> _GIVEN MATERIAL_:
++++++++
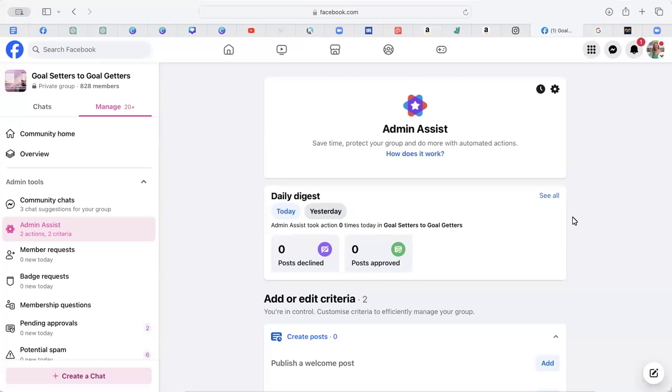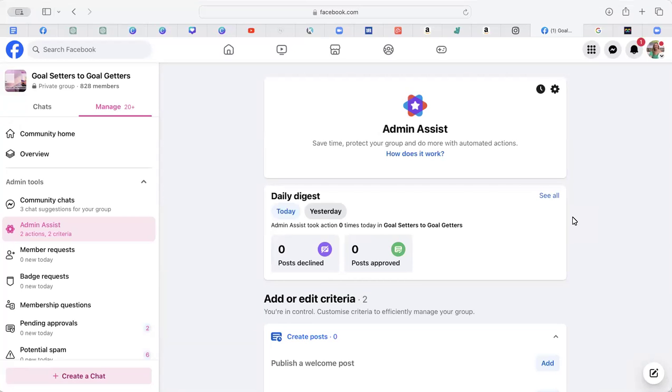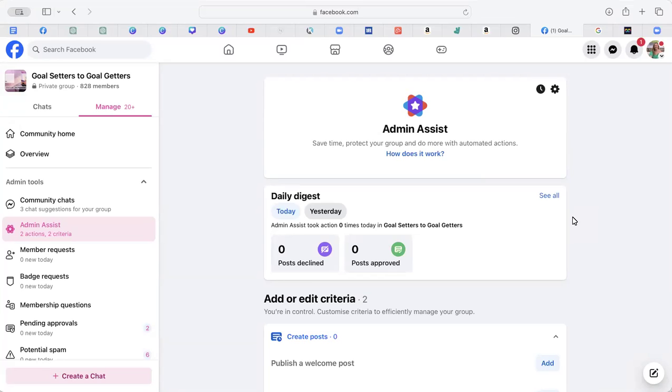If you have a Facebook group with post approval on, which many Facebook groups do, and you've found that Admin Assist is pre-approving posts for you because it thinks it knows best, you can turn that feature off.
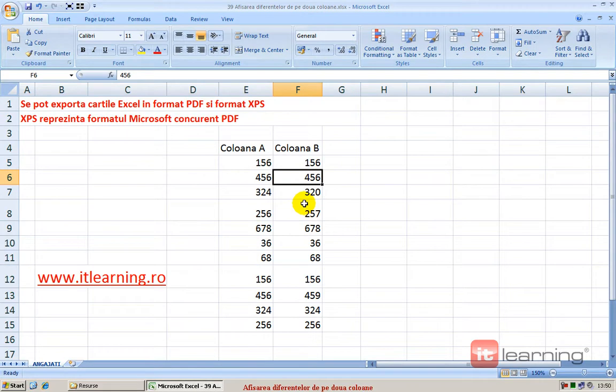Dacă avem foarte multe rânduri, e destul de complicat să vizualizăm prin ce diferă fiecare celulă de pe un anumit rând.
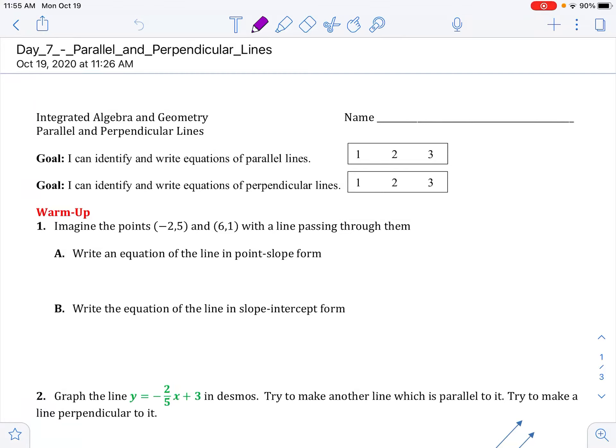Today we are talking about parallel and perpendicular lines. We have two goals. One, I can identify and write equations of parallel lines. Two, I can identify and write equations of perpendicular lines.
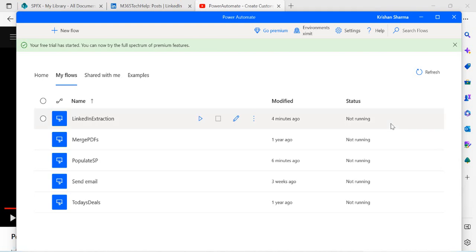Welcome back to the channel. In today's video we are going to take a look at Power Automate Desktop with one example. If you are already familiar with the Power Platform and creating flows, you might be aware that there are two kinds of flows: cloud flows and desktop flows. Right now we are going to take a look at desktop flows, which is the RPA version of flows.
++++++++
> _TASK DETAILS_:
Copy exactly the lines from the line holding "Dacă avem foarte" to the final line of the listing, and leave the pictures out.

> _RESULT OF THE EXERCISE_:
Dacă avem foarte multe rânduri, e destul de complicat să vizualizăm prin ce diferă fiecare celulă de pe un anumit rând.
Today we are talking about parallel and perpendicular lines. We have two goals. One, I can identify and write equations of parallel lines. Two, I can identify and write equations of perpendicular lines.
Welcome back to the channel. In today's video we are going to take a look at Power Automate Desktop with one example. If you are already familiar with the Power Platform and creating flows, you might be aware that there are two kinds of flows: cloud flows and desktop flows. Right now we are going to take a look at desktop flows, which is the RPA version of flows.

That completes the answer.